Grumpilina and Grumpilotta by Lilly and Twyla
I have always danced somewhere between the earth and the sky, preferring height and air to the feel of ground, and asphalt, and hard edges. In birthing this BIG I find myself withdrawing from the practical demands of figuring things out, and leaning into the meandering, dabbling, daydream lands where doodling and pouring ink reveal characters, and tales, and trails that beg to be followed. A little hand wraps itself around my stained fingers and a small person skips along by my side, traveling these newly revealed paths with the wonder necessary for the world to become enchanting again. Her presence feeding, driving, pushing and pointing me in directions I would never have noticed if not for her new and curious eyes. The accidents, limitations and glee of a toddler leaving me inspired, stretched, and profoundly exhausted. The kind of exhaustion that gives this strange, and at times disappointing life, a deeper kind of meaning.

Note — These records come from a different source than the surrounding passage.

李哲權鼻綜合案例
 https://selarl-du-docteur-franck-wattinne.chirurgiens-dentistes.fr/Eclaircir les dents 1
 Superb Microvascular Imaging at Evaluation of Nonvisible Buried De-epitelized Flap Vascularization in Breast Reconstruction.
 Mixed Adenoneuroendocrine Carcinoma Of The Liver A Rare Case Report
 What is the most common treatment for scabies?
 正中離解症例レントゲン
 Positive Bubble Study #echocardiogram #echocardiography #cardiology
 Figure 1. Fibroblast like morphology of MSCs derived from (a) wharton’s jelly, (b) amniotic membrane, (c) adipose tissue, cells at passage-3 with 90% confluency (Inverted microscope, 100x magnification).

I am a mother. I am an artist. There is a constant, liquid juggling of charcoals and baby dolls. I find a new groove, a frolic, a tango and a fresh interpretation of what it means to create, to collaborate, to nurture and to provide. I rediscover myself in the layering of one upon the other, feeding and informing back and forth and back again. Mothering unbridles my art making, and living a creative life imbues even the most challenging sleepless domestically laden moments with poetry and mystique.